Ever since 1965 when Gordon Moore, the co-founder of Intel, foresaw this exponential decrease in the sizes of individual transistors on a computer chip, this unbridled advance of electronics has allowed progressively more powerful and compact computers. But as applications and user aspirations demand ever more powerful computers, Moore’s law is finally coming against the brick wall of Quantum Physics. Transistors on today’s chips are only of the order of a millionth of an inch, nearing the subatomic level where large scale physical laws break down and the uncertainties of Quantum Mechanics take over.
Scientists are now looking at ways to redesign the transistor in such a way as to take advantage of the quantum laws. All such approaches mean a shift from Silicon, which is used near-universally today. One promising new material is Graphene which is a one atom thick sheet of Graphite, one of the pure forms of elemental Carbon.
Graphene was only isolated in 2004 by peeling off a layer from Graphite using scotch tape. Since then, ways have been found to grow Graphene on Silicon Carbide and to deposit it from a solution. The thermal and electronic properties of Graphene have been found ideal for transistor operation. Current carriers in Graphene can travel very fast while picking up very low noise. Very high ability to conduct heat also makes it attractive in densely packed integrated circuits which need to dissipate heat efficiently.
Integrated circuits found on computer chips are essentially a clever combination of millions of transistors and other electronic elements in a logical circuit that achieves a certain output depending on the inputs. Individual transistors, connected to form electronic switches lie at the heart of the circuit. Mechanical switches can be flipped on and off to control the flow of current through a circuit. Similarly, transistors have a channel through which the flow of current is regulated by the voltage at a terminal called gate. When the gate voltage is flipped between high and low, the transistor channel can be flipped on and off. By cascading many thousands of such switches or gates, complicated logical operations can be performed electronically.
Although single transistors of Graphene had already been demonstrated, it was only recently that a Graphene Gate was demonstrated. Floriano Traversi and Roman Sordan from Politecnco di Milano and Valeria Russo from the Department of Energy, Micro and Nano structured materials laboratory, both in Italy reported in Applied Physics Letters, their demonstration of a Graphene Inverter. An Inverter is the most basic logic gate, which gives a low output if the input is high and vice versa, essentially inverting the input at the output.

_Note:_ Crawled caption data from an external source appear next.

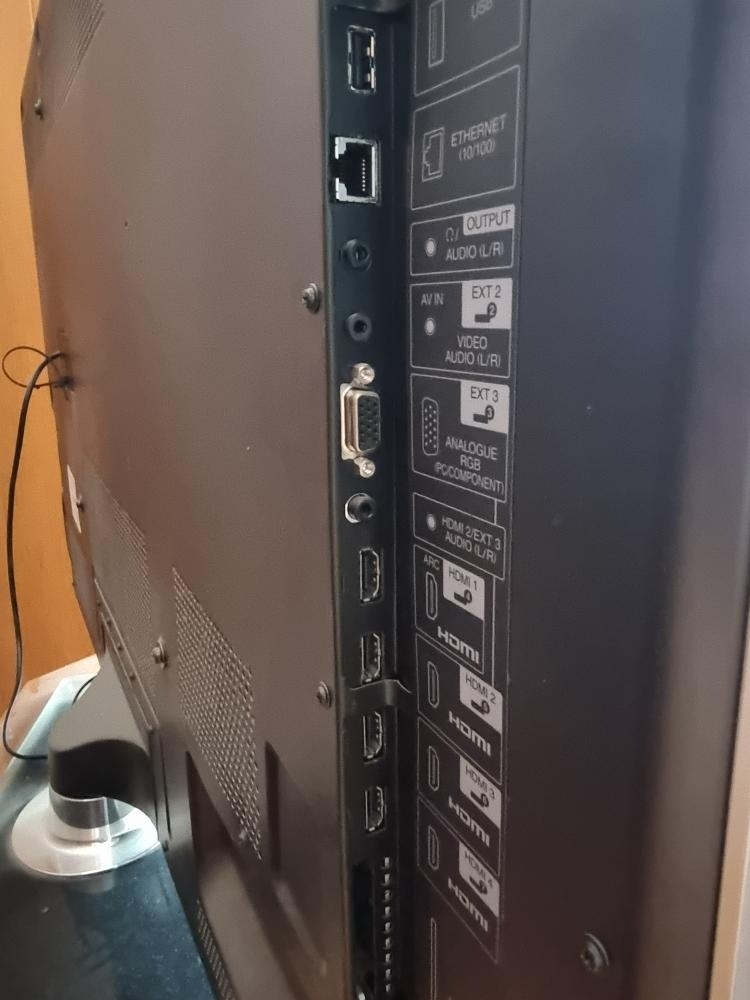 SLEVA TV Sharp LC-46LE814E - 4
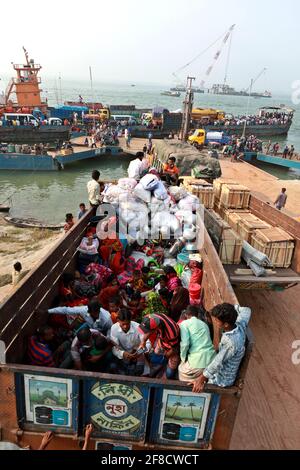 Dhaka, Dhaka, Bangladesh. 13th Apr, 2021. April, 13, 2021 People begin leaving Dhaka ahead of a new lockdown set to be enforced with stricter rules. A rush of homebound passengers is seen at the Shimulia ferry terminal Credit: Harun-Or-Rashid/ZUMA Wire/Alamy Live News Stock Photo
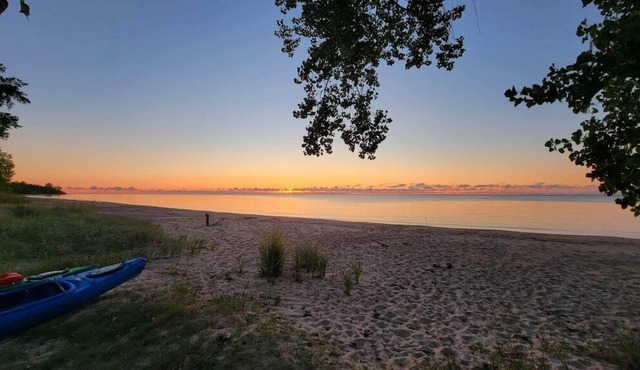Door County Waterfront Cottage on the "Quiet Side"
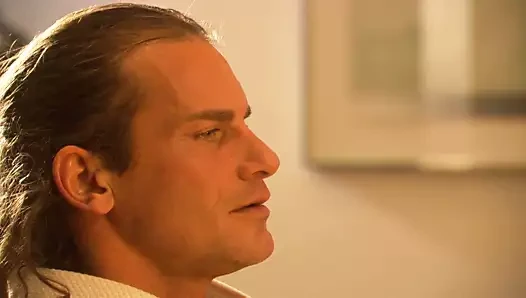 Evans, tüm aletin pov'deki sıkı kedi içinde kaybolmasını sağlar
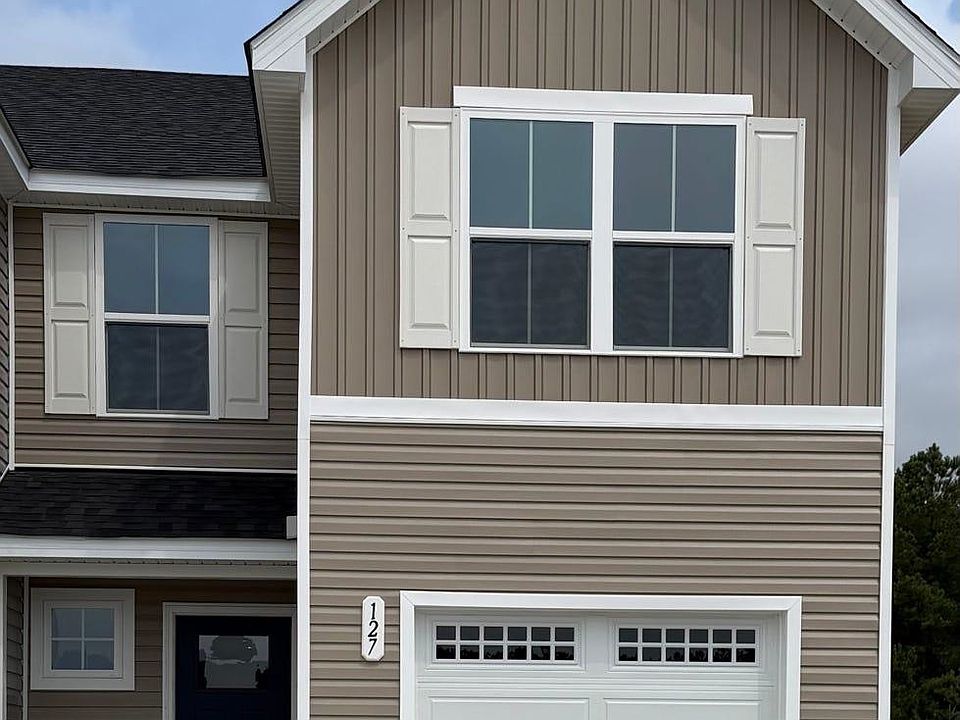 1st image of 127 Pennsylvania Dr #292A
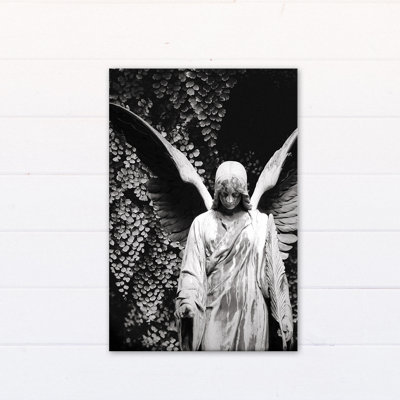 " Cemetery Angel "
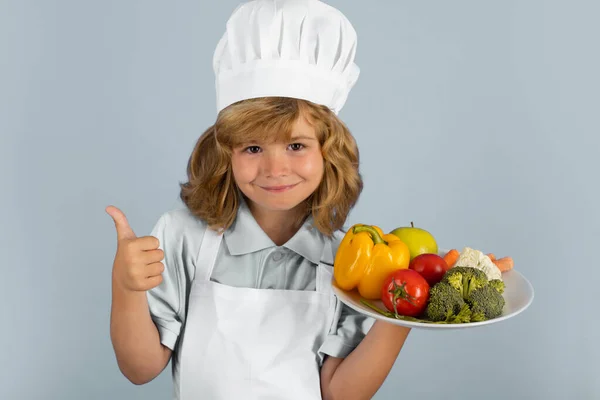 Çocuk Fırın Üniforması Giyiyor Aşçı Şapkası Takıyor Mutfakta Sebze Hazırlıyor — Stok fotoğraf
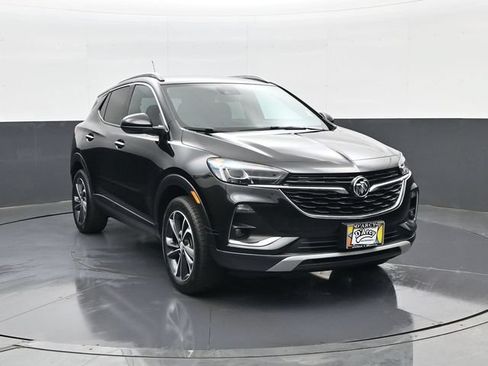 Certified 2021 Buick Encore GX Essence AWD/4WD image 3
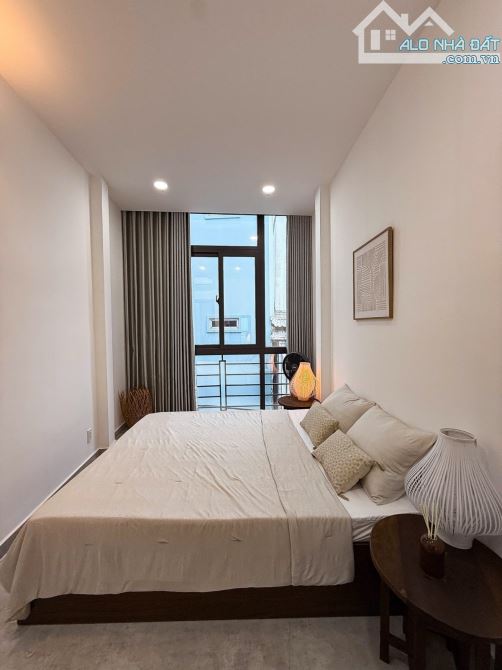 NHỈNH 5 TỶ, TẶNG FULL NỘI THẤT QUẬN 10 KẾ ĐH KINH TẾ - 32M2 4 TẦNG 4PN, SÂN THƯỢNG. - 1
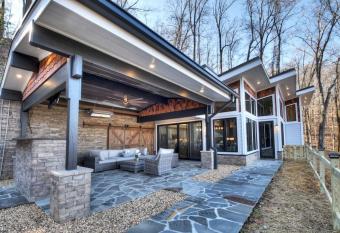 Luxe Escape - Modern Getaway Cabin with Mtn Views has Balcony rooms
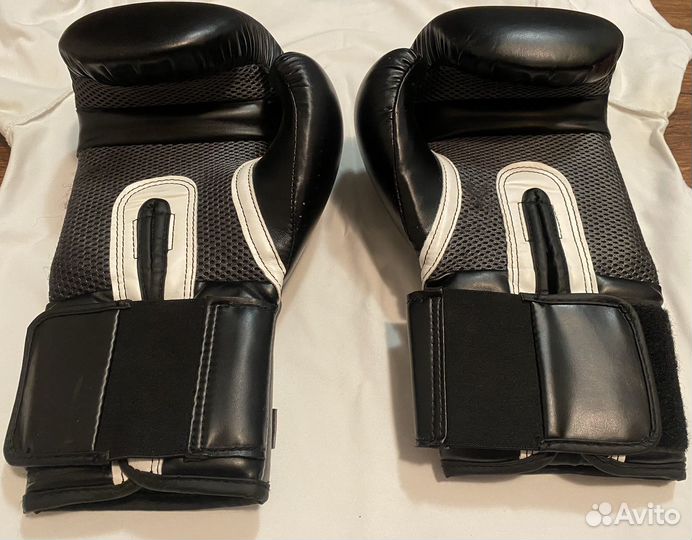 Боксерские перчатки Everlast PU Pro Style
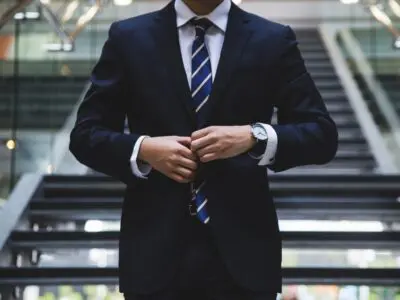 trial attorney dressed in a suit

The researchers deposited two adjacent Graphene layers on a Silicon substrate cove red with oxide to form the channels of two different transistors. Metal contacts were then formed behind the Silicon substrate to act as the controlling gate and in between the Graphene layers so that they were connected end to end. In an ingenious step, they then electrically annealed just one of the graphite channels so that the gate voltage at which it flips from off to on changed. If a constant voltage is now applied across both the transistors together, the output voltage at the terminal they share will depend on which transistor is off and which is on. By controlling the gate voltage, the scientists then controlled the channel conductivities and hence the output voltage.
Tying together many such switches in a circuit similar to the Silicon Integrated Circuits, much faster computer chips with lesser noise can be obtained. But this technology is yet only in a nascent stage. Output voltage from the demonstrated gate does not switch between values that can be directly fed to another gate input. Also, unlike today’s Silicon switches, this Graphene gate cannot be turned fully off shutting off current completely. So, they dissipate power even while not switching.
Silicon electronics has matured today after continuous improvements over half a century. The intense research interest and rapid progress in Graphene based devices and this demonstration of the feasibility of Graphene integrated circuits indicates that post Silicon Electronics might be just around the corner. Moore’s law will probably continue its resilience into the near future.